Task to carry out: Please retype the material beneath this task exactly, starting with its first line and finishing with the line containing "siobhan lovett (@siobhanlovett)".

Material shown:
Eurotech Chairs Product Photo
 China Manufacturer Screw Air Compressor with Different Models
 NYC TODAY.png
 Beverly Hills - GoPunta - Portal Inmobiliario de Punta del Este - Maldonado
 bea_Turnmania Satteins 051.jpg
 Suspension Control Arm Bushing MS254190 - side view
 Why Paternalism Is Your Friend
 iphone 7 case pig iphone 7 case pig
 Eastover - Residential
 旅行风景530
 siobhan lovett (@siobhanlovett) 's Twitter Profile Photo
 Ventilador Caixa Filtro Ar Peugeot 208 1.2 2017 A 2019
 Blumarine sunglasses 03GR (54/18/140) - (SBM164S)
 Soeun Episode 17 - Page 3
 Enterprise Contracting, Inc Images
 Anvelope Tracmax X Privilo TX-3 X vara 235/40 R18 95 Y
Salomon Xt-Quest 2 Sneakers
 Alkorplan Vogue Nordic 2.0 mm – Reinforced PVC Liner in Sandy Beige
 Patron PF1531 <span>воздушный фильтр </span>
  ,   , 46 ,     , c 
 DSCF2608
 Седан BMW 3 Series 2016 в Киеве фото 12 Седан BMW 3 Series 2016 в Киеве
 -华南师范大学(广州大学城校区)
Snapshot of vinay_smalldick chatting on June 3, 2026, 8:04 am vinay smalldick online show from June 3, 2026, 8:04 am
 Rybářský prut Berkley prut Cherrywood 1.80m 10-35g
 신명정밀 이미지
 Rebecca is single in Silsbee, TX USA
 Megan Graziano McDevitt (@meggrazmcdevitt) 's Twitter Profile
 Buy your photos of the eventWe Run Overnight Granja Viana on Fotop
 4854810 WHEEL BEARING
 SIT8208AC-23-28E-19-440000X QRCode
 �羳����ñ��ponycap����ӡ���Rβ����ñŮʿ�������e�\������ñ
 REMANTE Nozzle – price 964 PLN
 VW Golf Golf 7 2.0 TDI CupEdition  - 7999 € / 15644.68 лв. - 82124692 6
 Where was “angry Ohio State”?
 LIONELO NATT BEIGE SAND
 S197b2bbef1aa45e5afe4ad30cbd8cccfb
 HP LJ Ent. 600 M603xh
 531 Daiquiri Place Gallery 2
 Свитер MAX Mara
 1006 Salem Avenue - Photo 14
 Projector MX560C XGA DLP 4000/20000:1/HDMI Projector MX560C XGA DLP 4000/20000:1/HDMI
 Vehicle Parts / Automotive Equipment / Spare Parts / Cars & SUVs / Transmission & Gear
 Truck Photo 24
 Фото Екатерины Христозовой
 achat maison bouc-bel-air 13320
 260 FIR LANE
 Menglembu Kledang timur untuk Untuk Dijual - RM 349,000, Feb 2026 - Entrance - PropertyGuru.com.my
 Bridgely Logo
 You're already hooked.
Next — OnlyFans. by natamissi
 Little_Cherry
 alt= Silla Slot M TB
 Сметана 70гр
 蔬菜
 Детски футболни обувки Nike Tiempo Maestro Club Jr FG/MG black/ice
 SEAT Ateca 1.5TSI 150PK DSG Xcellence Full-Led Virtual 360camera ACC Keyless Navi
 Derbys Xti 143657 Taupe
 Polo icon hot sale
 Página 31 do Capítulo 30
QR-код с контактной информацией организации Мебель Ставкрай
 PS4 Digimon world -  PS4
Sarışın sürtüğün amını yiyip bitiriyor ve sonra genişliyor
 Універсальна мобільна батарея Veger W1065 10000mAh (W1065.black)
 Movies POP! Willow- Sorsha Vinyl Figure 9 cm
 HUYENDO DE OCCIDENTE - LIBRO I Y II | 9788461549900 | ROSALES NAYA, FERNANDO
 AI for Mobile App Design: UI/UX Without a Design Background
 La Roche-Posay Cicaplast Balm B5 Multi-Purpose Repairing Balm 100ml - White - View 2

Solution to this problem:
Eurotech Chairs Product Photo
 China Manufacturer Screw Air Compressor with Different Models
 NYC TODAY.png
 Beverly Hills - GoPunta - Portal Inmobiliario de Punta del Este - Maldonado
 bea_Turnmania Satteins 051.jpg
 Suspension Control Arm Bushing MS254190 - side view
 Why Paternalism Is Your Friend
 iphone 7 case pig iphone 7 case pig
 Eastover - Residential
 旅行风景530
 siobhan lovett (@siobhanlovett) 's Twitter Profile Photo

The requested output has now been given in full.